Vanmorgen verzamelde ik al mijn moed en toog naar ons plaatselijke winkelcentrum. Liever ging ik voor groots, maar in mijn uppie is dat helaas niet te doen en iemand meeslepen voelt voor mij vaak als bedelen om mee te gaan, ik wil gewoon soms ‘zelluf’ mijn ding doen, dus ging ik erop uit met mijn scoot.
De zoektocht van vandaag was er eentje naar de perfecte trui; warm (ik ben een enorme koukleum die dagelijks ligt te bibberen onder twee zachte dekentjes), comfortabel (ik moet er dus prettig in kunnen liggen), niet te strak, niet knellend of kriebelend, maar wel een beetje vrouwelijk. Geen hoog eisenpakket toch? Oh en in de goede kleur, ik ben momenteel een bleek vrouwtje met een smal snuutje, het mag wel ietwat flatterend. Ik schrok van mijn eigen spiegelbeeld, daar in de grote spiegel. Ik weet dat het licht in winkels niet echt meewerkt in dit opzicht, maar jemig, ik kan wel een zonnebankkuurtje gebruiken (het is dat gebeurtenissen uit het verleden in dit geval zeker geen goede garantie bieden op mijn toekomst en ik dit dus beter achterwege kan laten).
Natuurlijk heb ik het internet al afgestruind, maar niet gevonden wat ik zocht. Het is vaak te duur of gewoon net niet wat ik zoek. Ik ben een zeikerd, ik wil gewoon de trui die ik twee jaar geleden had en tot op de draad versleten achtergelaten heb, maar helaas die is niet meer in de mode. Daarnaast ben ik in gevecht met mezelf, ik las een stuk over de verzendkosten en wat onze ‘retourcultuur’ doet met ons milieu (waar ik absoluut bewuster mee om wil gaan), niet veel goeds kan ik je vertellen. Mede daarom toog ik dus met mijn krakkemikkig gestel naar de plaatselijke middenstand (ik hou toch graag een gezellig dorpscentrum). Op mijn scoot, knietjes in de steigers, kan ik lopend de winkel in, dat was althans het idee.

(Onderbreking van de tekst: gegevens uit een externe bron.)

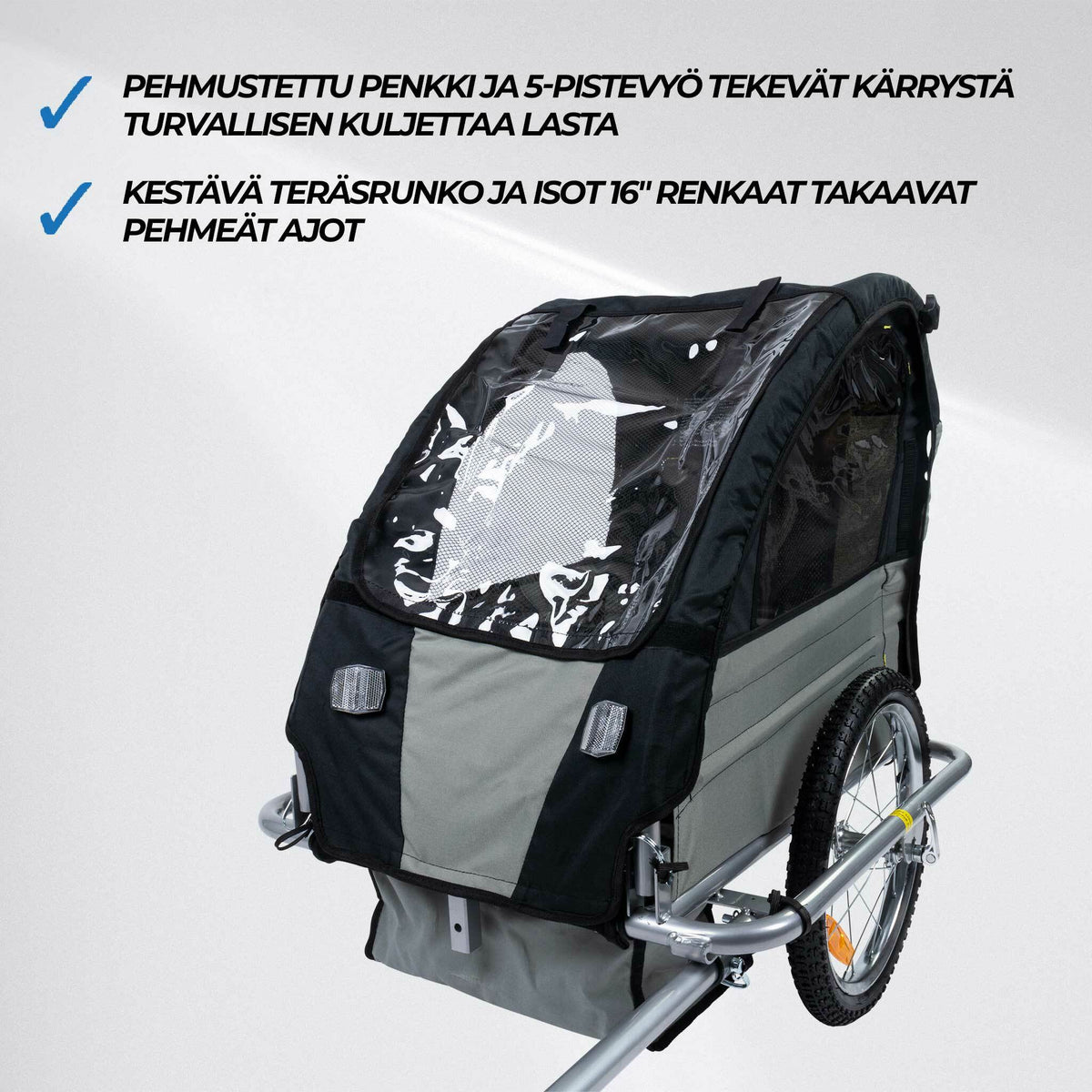 
              Trekker polkupyörän peräkärry 1 lapselle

Alex (mijn elro) maakt altijd ruzie met de rekken. Ik ben inmiddels best geoefend in het rijden met pookje, maar de ruimte tussen de paden in de meeste kledingwinkels is nog altijd wat smalletjes. Daarnaast leuken ze de boel op met houten stellinkjes met nog leukere accessoires (zijn inderdaad leuk, maar voor mij vooral een sta-in-de-weg). Ik rijd mij dan ook regelmatig vast in de jurken of vesten sectie. Lopen is in dit geval dan ook echt een stuk makkelijker (al hang ik ook met mijn braces met klittenband weleens aan een gebreid truitje). Hoopvol struinde ik door winkel één, stapte op mijn scoot naar twee (een meter of tien verderop), alwaar ik iets wiebeliger een trui paste, om zo ongeveer in te storten in de paskamer van winkel nummer drie. Dit alles vond plaats in een stijf half uurtje, waarvan ik de helft van de tijd moed verzamelde in mijn Ferrari rode bolide.

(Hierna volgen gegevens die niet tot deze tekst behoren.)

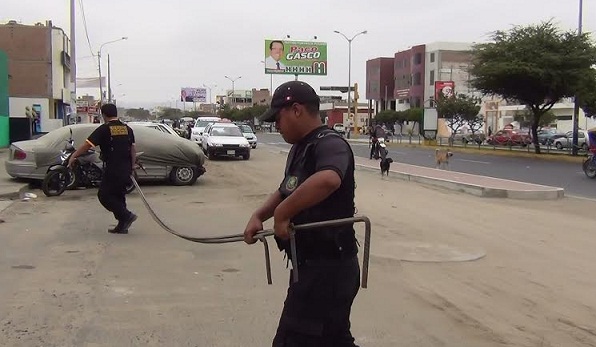  Recuperan varillas de fierro robadas de obra del colegio “Argentino”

Drie winkels, wat zijn nu drie winkels? Ik heb de trui gevonden en afgerekend, maar heb bij de kassa de pijp maar aan Maarten gegeven. Terug op de scoot, op weg naar huis gaat het wel door mijn hoofd, hoe graag ik ook langs de rekken struin, ik loop mijzelf ermee voorbij. Mijn heupen branden, mijn ellebogen steken en mijn toch al weinige energie is gezakt tot beneden alle peil. Winkelen met scoot kan ik maar beter beperken tot de supermarkt (al ga ik daar geen mooie trui vinden), waar ik mij gewoon rijdend voort kan bewegen.
Het is niet makkelijk, dat steeds weer accepteren dat iets een stap te ver is. Misschien moeten ze dat in de aanbieding gooien, doe mij maar een pondje acceptatie, en een volle batterij daarbij.